There’s a reason I bailed on Dawson’s Creek, too.

Characters have only one emotional reaction. Yes, even in real life, people have a default reaction in stressful situations. Some are yellers, others are criers, and some people run away. A good character can absolutely have an M.O. What they can’t have is only one reaction over and over. I think everyone’s read a book where the character’s chest beat so much they should have died of a heart attack after chapter three. One of the books I gave up on had a female character that could do nothing but cry. Happy, sad, depressed, sacred, angry, Tuesday evening—you name it—she cried. A personal pet peeve of mine is the throwing of stuff off of desks and tables repeatedly to show a person is angry. Sometimes the author will shake things up and (gasp!) have the character also punch a wall or door. Buy an Emotion Thesaurus and give me some variety, please.

Low stakes for characters

I have to mention here that this picture is from an actual competition in the UK where people watch paint dry.

The stakes are too low. An author’s characters are her babies, so I understand the desire to not be mean to them.

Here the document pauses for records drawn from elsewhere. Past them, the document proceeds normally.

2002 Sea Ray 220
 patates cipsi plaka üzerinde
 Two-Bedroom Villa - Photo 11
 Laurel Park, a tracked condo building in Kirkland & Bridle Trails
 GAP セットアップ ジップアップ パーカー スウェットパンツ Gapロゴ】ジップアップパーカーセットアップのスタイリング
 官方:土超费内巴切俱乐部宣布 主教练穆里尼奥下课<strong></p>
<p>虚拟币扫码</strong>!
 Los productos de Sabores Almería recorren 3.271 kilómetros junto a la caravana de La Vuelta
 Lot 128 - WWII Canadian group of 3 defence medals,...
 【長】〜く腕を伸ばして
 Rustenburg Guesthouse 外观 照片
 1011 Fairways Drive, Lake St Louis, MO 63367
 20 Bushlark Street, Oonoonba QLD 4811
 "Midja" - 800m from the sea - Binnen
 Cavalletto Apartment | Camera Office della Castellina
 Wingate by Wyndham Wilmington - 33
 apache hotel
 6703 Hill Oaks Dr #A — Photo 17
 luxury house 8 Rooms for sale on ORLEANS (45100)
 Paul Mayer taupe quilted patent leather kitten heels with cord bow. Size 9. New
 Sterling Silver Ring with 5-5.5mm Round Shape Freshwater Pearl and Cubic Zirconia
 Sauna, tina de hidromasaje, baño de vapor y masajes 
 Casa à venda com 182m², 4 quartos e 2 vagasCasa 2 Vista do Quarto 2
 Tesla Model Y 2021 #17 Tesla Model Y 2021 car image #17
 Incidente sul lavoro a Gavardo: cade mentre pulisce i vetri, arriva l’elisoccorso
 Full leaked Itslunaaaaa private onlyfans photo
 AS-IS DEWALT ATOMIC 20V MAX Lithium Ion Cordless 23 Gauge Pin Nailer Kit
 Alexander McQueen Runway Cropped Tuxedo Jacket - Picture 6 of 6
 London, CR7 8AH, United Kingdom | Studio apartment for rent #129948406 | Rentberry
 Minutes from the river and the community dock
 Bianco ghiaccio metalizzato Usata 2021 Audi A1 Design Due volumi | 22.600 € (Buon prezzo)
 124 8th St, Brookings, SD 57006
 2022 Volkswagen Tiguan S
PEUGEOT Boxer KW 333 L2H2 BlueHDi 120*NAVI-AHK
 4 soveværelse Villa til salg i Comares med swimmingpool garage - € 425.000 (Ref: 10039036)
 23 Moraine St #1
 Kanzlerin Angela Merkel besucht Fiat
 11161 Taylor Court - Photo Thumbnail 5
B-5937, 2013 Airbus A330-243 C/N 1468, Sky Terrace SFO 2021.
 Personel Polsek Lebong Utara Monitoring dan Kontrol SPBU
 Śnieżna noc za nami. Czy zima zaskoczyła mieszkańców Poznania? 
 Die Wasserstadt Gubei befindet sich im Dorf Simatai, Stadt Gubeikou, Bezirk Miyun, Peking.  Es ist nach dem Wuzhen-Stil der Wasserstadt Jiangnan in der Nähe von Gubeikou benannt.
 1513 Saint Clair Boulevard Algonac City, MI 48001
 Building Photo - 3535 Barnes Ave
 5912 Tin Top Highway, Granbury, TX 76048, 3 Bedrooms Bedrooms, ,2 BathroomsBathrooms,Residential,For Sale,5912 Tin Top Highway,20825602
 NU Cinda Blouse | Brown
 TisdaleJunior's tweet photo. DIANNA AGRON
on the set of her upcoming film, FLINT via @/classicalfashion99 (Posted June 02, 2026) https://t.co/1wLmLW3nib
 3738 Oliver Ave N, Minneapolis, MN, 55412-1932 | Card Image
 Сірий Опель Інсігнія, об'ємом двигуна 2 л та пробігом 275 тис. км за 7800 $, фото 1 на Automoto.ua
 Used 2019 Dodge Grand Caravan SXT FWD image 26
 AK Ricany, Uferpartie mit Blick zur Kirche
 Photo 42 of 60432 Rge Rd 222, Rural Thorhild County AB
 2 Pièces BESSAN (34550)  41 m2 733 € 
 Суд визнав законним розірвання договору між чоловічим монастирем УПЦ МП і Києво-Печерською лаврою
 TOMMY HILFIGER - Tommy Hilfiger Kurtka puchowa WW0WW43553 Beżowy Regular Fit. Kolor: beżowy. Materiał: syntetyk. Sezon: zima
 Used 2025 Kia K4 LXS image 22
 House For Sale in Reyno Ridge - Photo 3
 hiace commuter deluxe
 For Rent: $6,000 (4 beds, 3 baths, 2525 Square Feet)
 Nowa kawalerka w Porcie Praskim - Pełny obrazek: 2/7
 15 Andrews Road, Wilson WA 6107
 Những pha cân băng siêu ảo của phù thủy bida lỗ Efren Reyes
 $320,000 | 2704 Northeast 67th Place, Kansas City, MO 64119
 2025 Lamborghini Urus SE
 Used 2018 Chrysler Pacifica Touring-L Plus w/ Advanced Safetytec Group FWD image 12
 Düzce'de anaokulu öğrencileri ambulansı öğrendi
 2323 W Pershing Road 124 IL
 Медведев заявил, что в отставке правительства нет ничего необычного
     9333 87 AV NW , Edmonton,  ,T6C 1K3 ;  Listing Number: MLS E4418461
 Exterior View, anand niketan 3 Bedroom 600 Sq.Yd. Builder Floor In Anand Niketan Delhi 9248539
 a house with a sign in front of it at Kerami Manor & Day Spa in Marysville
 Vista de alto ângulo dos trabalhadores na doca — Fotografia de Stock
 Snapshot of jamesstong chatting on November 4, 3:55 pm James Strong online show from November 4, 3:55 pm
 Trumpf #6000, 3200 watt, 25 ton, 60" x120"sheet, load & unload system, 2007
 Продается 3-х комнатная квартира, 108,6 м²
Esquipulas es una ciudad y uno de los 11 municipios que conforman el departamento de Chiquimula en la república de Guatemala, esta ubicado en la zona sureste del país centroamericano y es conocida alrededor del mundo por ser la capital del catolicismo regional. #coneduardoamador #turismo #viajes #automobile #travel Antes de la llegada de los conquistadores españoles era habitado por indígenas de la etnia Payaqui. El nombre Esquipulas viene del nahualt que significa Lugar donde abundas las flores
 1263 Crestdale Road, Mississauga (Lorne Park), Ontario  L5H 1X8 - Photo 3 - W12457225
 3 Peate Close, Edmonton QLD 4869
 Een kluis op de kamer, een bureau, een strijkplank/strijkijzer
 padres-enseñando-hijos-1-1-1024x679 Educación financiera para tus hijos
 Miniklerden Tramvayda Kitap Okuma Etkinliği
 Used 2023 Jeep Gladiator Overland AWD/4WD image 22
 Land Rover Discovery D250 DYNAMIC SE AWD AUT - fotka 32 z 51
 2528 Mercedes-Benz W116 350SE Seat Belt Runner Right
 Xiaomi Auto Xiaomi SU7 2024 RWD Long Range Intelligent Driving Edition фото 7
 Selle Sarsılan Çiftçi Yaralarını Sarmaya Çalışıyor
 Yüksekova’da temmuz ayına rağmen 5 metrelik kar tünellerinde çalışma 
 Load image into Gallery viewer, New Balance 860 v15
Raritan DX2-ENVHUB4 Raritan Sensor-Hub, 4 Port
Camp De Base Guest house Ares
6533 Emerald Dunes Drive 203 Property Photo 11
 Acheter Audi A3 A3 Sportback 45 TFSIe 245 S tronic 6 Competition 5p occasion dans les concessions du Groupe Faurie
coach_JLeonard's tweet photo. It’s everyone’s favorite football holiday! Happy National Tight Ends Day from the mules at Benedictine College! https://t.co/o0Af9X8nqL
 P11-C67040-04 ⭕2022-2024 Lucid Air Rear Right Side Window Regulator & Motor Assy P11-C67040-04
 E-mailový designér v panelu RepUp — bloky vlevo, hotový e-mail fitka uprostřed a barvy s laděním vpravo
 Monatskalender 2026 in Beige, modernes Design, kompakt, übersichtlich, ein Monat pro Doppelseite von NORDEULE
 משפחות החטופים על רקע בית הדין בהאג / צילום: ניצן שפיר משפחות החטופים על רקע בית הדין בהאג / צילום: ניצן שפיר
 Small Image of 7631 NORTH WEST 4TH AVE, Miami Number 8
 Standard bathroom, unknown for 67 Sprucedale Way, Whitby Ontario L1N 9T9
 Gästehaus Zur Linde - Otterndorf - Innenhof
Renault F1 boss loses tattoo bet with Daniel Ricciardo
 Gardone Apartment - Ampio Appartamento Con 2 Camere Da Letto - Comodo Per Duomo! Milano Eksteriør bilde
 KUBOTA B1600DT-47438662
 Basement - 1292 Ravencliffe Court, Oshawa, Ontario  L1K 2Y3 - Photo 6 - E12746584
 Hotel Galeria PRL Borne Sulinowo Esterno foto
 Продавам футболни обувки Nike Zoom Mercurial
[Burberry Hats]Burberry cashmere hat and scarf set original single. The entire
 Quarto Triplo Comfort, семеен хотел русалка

However, playing it safe does not make for good story-telling. Neither does it help your readers build an attachment to your babies. Writers need to be relentlessly awful to their characters. Readers bond with characters as they suffer. One of the books I ditched had dual protagonists. Other than the inciting incidents for each that set up the book, nothing upsetting happened to either of them for about 200 pages. I kid you not, I read chapter after chapter, and the only thing of significance that happened to either of them was they managed to get jobs. They weren’t even interesting jobs, nor was there any conflict in obtaining the employment. The two protagonists didn’t even meet until page 176. You know who else I hadn’t met after 200 pages? The antagonist. Or if I did, he was so mildly antagonizing I missed his entrance.

Whiny heroes are like toddlers

Whiny, selfish heroes. I just finished up a series of posts on the mythic hero. Traditional heroes generally aren’t allowed to be either of the adjectives I just listed, with good reason. It doesn’t endear him or her to your readers. I would suggest they’re not a good look on an antihero, either. Most of us can get behind a rough around the edges antihero who breaks the rules so long as the ends justify the means. No one likes a whiner, though. It reduces your hero or heroine to a petulant toddler. If your whole cast of characters is this self-centered, you’re essentially asking your reader to baby-sit.

Michael Bay Presents Explosions

No motivation/unclear motivation/unbelievable motivation. Why did your heroine just blow up that building? “Because it was cool,” is only a motivation if you’re Michael Bay. As an author, you need to know why your characters take the actions they do and say the things they say. What drives your hero? What is your heroine’s deepest yearning? What wound haunts your villain to make her so awful? If you don’t know, your reader sure won’t. If the plot isn’t driven by clear and believable motivation, how can the audience get lost in the world you are creating? It can’t. Readers won’t buy what you’re selling if they have to stop and start the reading process too often to try to puzzle things out.